● **Problem statement**: An exact copy of every record is needed, with all pictures omitted.

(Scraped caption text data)
++++++++++++++++++++
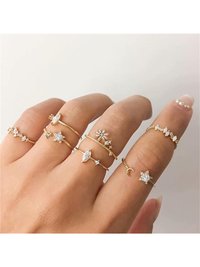 Gold Plated 7 Piece Multi Designs Ring Set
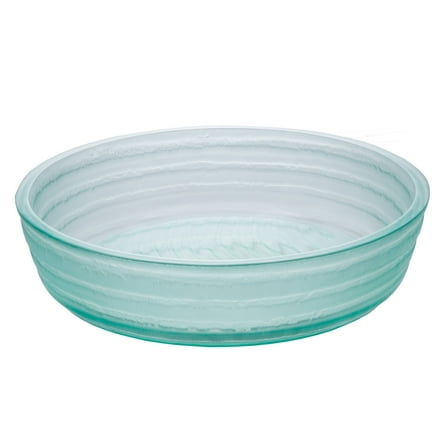 Clear Round Flat Bottom Embossed Glass Vessel Sink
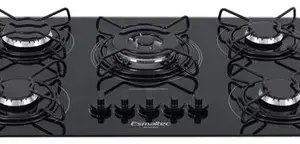 Cooktop a Gás Esmaltec Gourmet 5 Bocas Vidro Bivolt 68x46cm Cooktop a Gás Esmaltec Gourmet 5 Bocas Vidro Bivolt 68x46cm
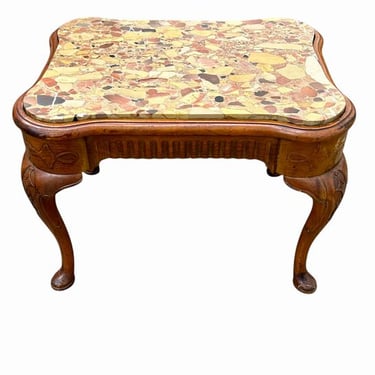 Queen Anne Style Walnut Low Table w/Insert Marble Top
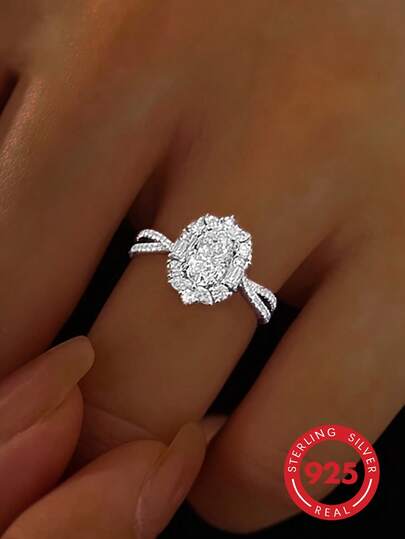 1pc 925 Sterling Silver Oval Main Stone Sunflower Full Diamond Engagement Ring, Luxury Women's Heart-Shaped Band Moissanite Ring, Wedding Proposal Couple Gift Jewelry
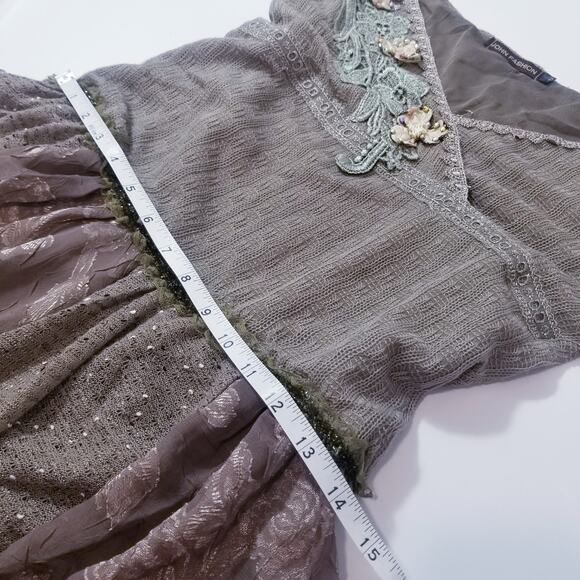 John Fashion Linen Blend Fairy Floral Dress Crochet Knit - Picture 10 of 13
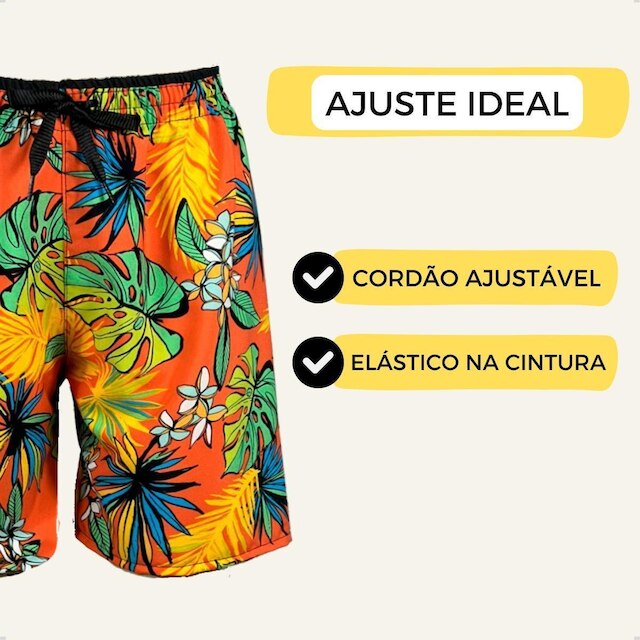 Bermuda Elastano Infantil Estampada Short Mauricinho Praia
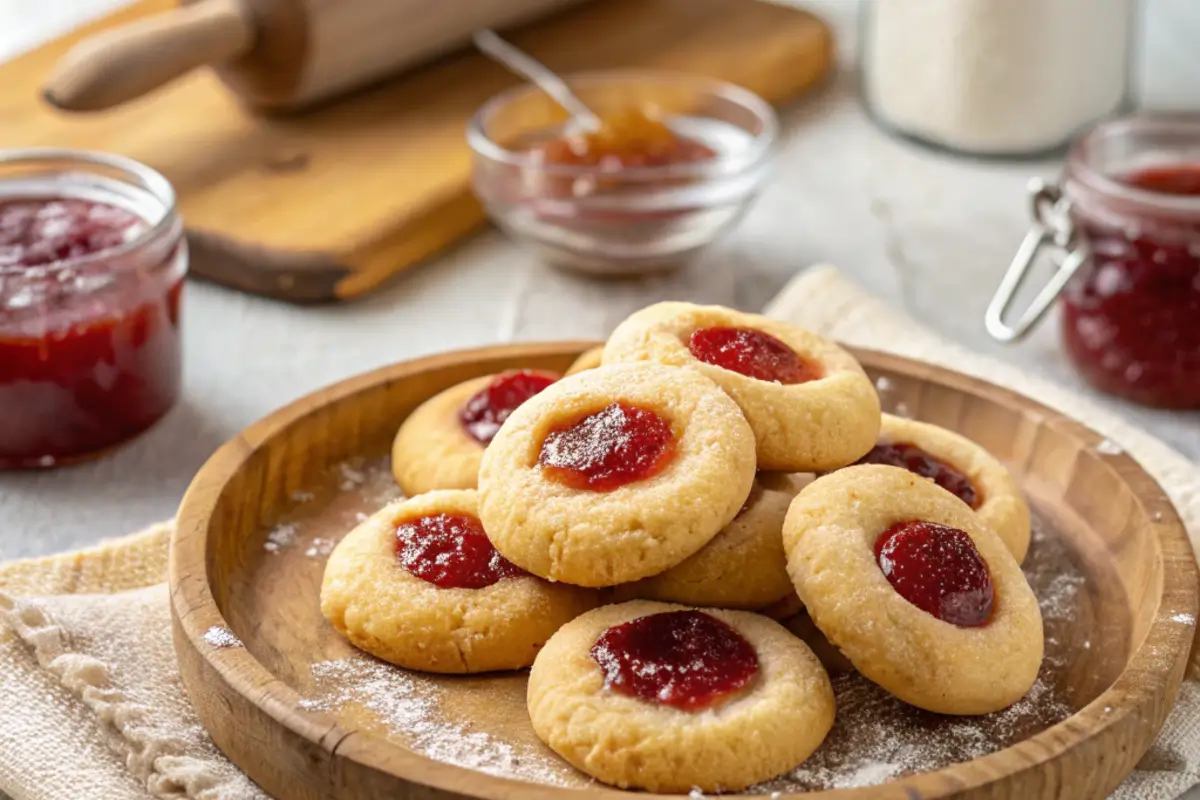 Freshly baked jam-filled cookies served on a wooden plate, dusted with powdered sugar.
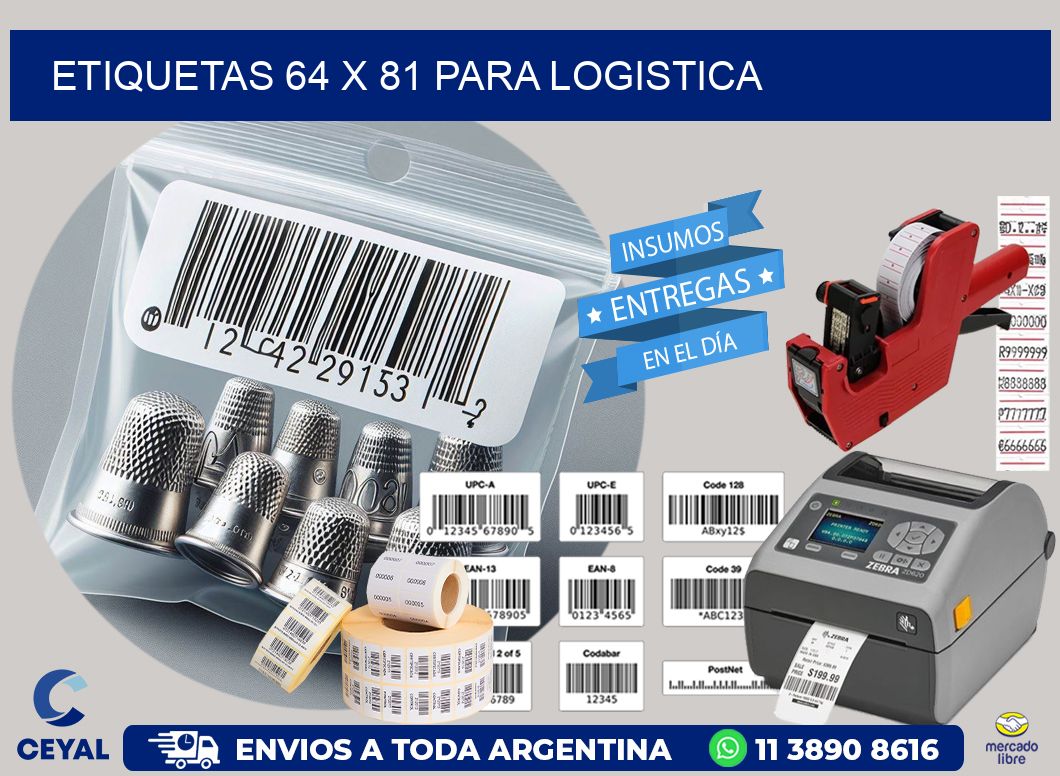 ETIQUETAS 64 x 81 PARA LOGISTICA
++++++++++++++++++++
● **Result for this exercise**:
 Gold Plated 7 Piece Multi Designs Ring Set
 Clear Round Flat Bottom Embossed Glass Vessel Sink
 Cooktop a Gás Esmaltec Gourmet 5 Bocas Vidro Bivolt 68x46cm Cooktop a Gás Esmaltec Gourmet 5 Bocas Vidro Bivolt 68x46cm
 Queen Anne Style Walnut Low Table w/Insert Marble Top
 1pc 925 Sterling Silver Oval Main Stone Sunflower Full Diamond Engagement Ring, Luxury Women's Heart-Shaped Band Moissanite Ring, Wedding Proposal Couple Gift Jewelry
 John Fashion Linen Blend Fairy Floral Dress Crochet Knit - Picture 10 of 13
 Bermuda Elastano Infantil Estampada Short Mauricinho Praia
 Freshly baked jam-filled cookies served on a wooden plate, dusted with powdered sugar.
 ETIQUETAS 64 x 81 PARA LOGISTICA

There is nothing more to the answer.